KAYUAGUNG – Proyek pembuatan taman kota oleh Badan Lingkungan Hidup (BLH) Kabupaten Ogan Komering Ilir (OKI) yang berlokasi di Kelurahan Sidakersa dekat masjid Agung Solihin di pinggir sungai dan Kelurahan Kutaraya dekat SMAN 3 Unggulan diduga terjadi mark up terhadap proyek bersumber dari dana alokasi khusus (DAK) 2014.

Dari informasi yang diterima Kabar Sumatera, untuk satu paket kegiatan tersebut menghabiskan pagu Rp 198.3600.000, sementara jumlah pekerjaan untuk taman kota itu dua paket. Sehingga total pembangunan taman menghabiskan Rp 396.720.000.

Untuk dana sebesar itu, berdasarkan pengamatan di lokasi taman itu,  jumlah tanaman yang ditanam yakni tanaman asoka dan ratu jimat, tanaman sikat ada 3 pohon, cemara dengan ukuran tinggi 1 meter ada 10 batang, dan masih ada sejumlah tanaman buang kecil lainnya, ukuran luas tanaman sendiri diperkirakan 30×5 meter, dengan ditembok tanah liat merah dan ditanami rumput diatas tanah itu.
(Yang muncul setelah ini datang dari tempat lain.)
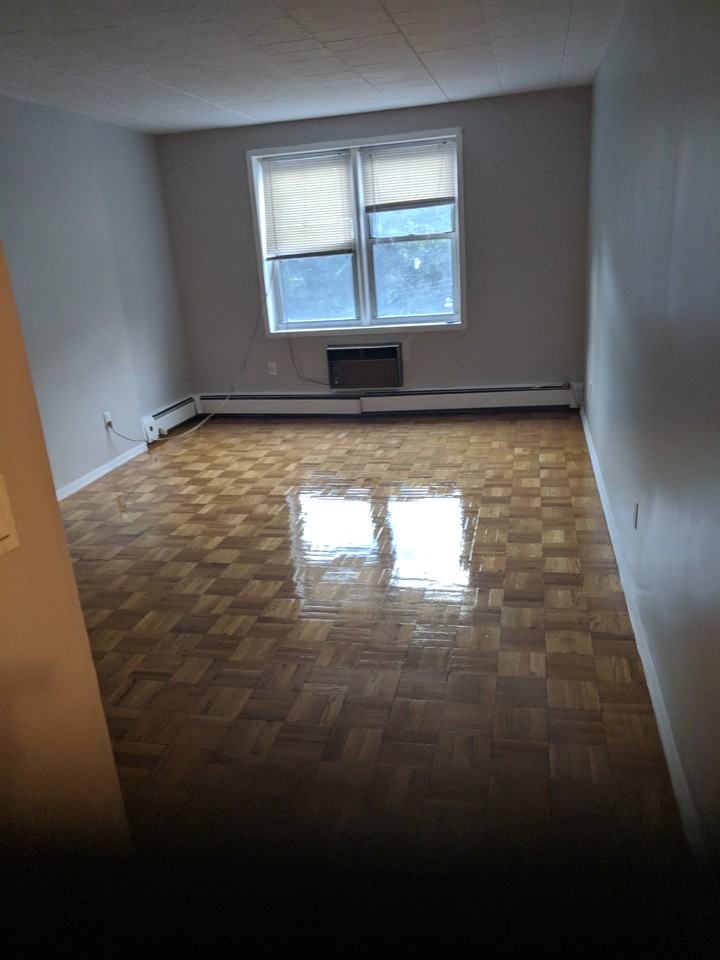 510 Midland Ave #2 - Photo 4 of 7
Demi memperindah taman pihak BLH pun membangun patung singa.

Sumber koran ini berkata, melihat kondisi taman tersebut, rasanya tidak sampai menghabiskan dana sebesar itu. Kata dia ada dugaan dalam pengerjaan proyek itu terjadi mark up.

“Ya, kita lihat dari kasat mata kalau membandingkan dana yang ada, bias diduga mark up,” katanya yang enggan namanya disebutkan.
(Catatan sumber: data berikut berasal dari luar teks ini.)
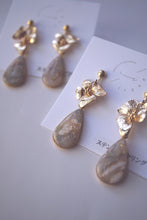 画像をギャラリービューアに読み込む, 花雫｜irone （アイロネ）
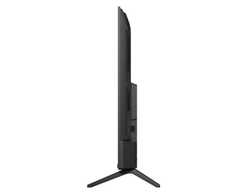 Smart Tivi 43/50 Inch LG NU805BPSC
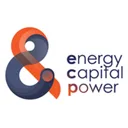 Energy Capital & Power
Kepala Badan Lingkungan Hidup (BLH) OKI, Nursula melalui Kuasa Pemegang Anggaran (KPA) menyebutkan, dalam pengerjaan proyek tanama tersebut, Tabrani, saat dikonfirmasi melalui ponselnya, terkesan enggan menanggapi terkait pertanyaan wartawan mengenai proyek taman itu. Tabrani yang notabennya mengetahui kegiatan itu karena jabatannya sebagai KPA, justru mengarahkan wartawan kepada atasannya kepala BLH.

“Kalau soal itu jangan dengan saya, coba kamu tanyakan langsung saja dengan kepala dinas kami,” katanya seraya mengakhiri sambungan selulernya.

Nursula menambahkan, proyek pembangunan taman ini merupakan proyek BLH yang dikerjakan pihak ketiga. Proyek itu secara pendanaan berasal dari BLH, namun untuk teknis dalam penataan taman, pihaknya meminta bantuan dari Dinas Pertamanan dan Tata Kota.

“Kami kira itu tidak menyalahi aturan, dan dikerjakan oleh pihak ketiga,” kilah Nursula.

Ujar Nursula, dana sebesar itu tidak lantas dihabiskan sebatas pengerjaan saja, melainkan masih digunakan selama enam bulan kedepan untuk biaya perawatan.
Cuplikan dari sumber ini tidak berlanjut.